Ross Schreiber, who was appointed to represent Simpson, said she was not a risk to flee, was a good student with no prior convictions and she cooperated with authorities.
He said she had gone to the airport to meet her boyfriend. "She was there for legitimate purposes," Schreiber said.
Simpson was "extremely lucky she followed the instructions or deadly force would have been used," Pare said. "She's lucky to be in a cell as opposed to the morgue."
Simpson is a Massachusetts Institute of Technology sophomore from Hawaii, officials said.
The battery-powered rectangular device had nine flashing lights, and Simpson had Play-Doh in her hands, Pare said.
The phrases "Socket to me" and "Course VI" were written on the back of her sweatshirt, which authorities displayed to the media. Course VI appears to refer to MIT's major of electrical engineering and computer science.
Simpson was a member of MIT's swimming and diving team in 2006, according to the team's Web site, which lists her hometown as Kihei, Hawaii. MIT spokeswoman Patti Richards said aside from confirming she was a student, the school did not have any comment.
She was arrested about 8 a.m. outside Terminal C, home to United Airlines, Jet Blue and other carriers.
A Massachusetts Port Authority staffer manning an information booth in the terminal became suspicious when Simpson — wearing the device — approached to ask about an incoming flight, Pare said.

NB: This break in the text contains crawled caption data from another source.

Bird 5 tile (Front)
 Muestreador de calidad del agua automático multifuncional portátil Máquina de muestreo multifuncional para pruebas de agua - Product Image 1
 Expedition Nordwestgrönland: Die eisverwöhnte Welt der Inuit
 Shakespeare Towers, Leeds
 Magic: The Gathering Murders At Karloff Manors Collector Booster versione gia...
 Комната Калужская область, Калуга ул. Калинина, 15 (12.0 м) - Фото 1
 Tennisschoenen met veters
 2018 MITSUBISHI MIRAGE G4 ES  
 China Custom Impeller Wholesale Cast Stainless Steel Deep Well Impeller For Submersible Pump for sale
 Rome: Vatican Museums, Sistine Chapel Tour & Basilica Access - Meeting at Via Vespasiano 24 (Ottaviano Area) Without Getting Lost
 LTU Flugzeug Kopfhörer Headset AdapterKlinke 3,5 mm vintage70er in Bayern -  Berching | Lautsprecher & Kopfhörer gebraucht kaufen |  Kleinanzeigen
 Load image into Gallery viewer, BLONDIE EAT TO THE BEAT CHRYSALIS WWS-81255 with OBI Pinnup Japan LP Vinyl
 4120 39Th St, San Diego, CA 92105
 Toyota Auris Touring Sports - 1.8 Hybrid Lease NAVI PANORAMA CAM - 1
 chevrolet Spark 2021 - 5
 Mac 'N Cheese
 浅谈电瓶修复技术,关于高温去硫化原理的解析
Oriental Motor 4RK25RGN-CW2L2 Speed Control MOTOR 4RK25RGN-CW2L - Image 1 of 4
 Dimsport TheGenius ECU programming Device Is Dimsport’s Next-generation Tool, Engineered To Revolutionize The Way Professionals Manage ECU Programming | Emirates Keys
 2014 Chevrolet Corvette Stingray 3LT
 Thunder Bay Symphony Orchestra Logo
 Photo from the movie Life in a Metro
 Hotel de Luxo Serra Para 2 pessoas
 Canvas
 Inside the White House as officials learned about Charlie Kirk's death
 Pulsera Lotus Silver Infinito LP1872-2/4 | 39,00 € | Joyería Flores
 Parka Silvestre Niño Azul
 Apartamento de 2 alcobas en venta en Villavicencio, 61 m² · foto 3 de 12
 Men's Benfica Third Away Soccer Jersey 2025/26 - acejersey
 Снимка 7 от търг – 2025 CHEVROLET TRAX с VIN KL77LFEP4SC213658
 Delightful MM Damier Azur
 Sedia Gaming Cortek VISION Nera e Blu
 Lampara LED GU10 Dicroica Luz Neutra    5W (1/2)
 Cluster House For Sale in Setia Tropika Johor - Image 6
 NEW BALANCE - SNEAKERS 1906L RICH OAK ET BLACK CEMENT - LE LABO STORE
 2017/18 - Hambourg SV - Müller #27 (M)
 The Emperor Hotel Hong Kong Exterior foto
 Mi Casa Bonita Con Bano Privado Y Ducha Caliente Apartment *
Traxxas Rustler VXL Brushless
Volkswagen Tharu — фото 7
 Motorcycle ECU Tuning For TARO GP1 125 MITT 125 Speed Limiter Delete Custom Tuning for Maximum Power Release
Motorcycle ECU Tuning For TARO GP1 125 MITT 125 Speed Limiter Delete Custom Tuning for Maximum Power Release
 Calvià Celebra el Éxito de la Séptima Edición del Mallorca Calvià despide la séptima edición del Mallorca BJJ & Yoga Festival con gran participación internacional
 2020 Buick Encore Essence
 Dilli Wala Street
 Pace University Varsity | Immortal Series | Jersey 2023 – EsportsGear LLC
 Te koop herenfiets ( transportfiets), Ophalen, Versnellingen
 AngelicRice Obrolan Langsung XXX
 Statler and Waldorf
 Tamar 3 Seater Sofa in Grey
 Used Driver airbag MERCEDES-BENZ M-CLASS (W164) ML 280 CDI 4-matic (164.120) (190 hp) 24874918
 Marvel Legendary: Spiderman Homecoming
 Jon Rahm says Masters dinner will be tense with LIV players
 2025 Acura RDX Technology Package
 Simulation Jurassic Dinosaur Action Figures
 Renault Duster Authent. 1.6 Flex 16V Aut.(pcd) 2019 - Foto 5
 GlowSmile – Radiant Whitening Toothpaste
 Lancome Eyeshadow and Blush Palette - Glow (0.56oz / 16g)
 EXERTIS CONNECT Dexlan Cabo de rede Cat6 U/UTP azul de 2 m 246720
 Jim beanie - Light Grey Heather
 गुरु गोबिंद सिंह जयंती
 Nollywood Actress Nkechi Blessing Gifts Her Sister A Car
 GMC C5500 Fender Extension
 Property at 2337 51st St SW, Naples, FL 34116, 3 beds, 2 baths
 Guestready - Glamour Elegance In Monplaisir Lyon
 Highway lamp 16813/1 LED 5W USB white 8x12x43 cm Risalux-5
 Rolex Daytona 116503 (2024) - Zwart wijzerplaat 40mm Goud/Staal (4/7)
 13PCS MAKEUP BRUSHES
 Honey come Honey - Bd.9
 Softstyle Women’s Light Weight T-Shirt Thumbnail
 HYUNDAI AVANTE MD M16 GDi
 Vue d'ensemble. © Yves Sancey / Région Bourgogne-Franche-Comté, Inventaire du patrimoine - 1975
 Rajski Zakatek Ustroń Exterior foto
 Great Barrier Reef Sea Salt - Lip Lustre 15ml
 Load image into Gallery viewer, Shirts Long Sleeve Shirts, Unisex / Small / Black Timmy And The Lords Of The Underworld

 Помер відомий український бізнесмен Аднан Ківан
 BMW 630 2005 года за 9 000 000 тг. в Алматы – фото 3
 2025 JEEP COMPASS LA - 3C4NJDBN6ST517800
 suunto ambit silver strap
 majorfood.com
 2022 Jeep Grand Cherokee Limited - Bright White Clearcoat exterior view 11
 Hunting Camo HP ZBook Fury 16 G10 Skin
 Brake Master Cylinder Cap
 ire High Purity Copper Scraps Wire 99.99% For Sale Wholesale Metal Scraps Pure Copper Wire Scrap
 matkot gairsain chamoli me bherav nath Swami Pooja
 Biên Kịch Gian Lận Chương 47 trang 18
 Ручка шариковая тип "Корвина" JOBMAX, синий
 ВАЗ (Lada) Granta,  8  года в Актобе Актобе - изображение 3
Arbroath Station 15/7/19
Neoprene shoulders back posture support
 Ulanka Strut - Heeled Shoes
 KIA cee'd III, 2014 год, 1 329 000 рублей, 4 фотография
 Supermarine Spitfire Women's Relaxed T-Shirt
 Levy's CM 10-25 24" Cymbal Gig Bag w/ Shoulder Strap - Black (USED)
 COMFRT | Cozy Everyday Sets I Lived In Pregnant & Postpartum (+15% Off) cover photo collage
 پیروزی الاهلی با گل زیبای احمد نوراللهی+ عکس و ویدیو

Simpson then walked outside, and the staffer notified a nearby trooper.
The trooper, joined by others with submachine guns, confronted her at a traffic island in front of the terminal.
"She was immediately told to stop, to raise her hands and not to make any movement, so we could observe all her movements to see if she was trying to trip any type of device," Pare said. "Had she not followed the protocol, we might have used deadly force."
Pare said Simpson took a subway to the airport, but he was not sure if she had the device on at that time.
The major praised the booth attendant, but said the incident is a reminder of the terrorism threat confronting the civil aviation system. Two of the four passenger jets hijacked on Sept. 11, 2001, took off from Logan.
The city was the focus of a major security scare Jan. 31 when dozens of battery-powered devices were discovered in various locations. Bomb squads were deployed and some transportation links were closed temporarily. They turned out to be a promotion for the Cartoon Network.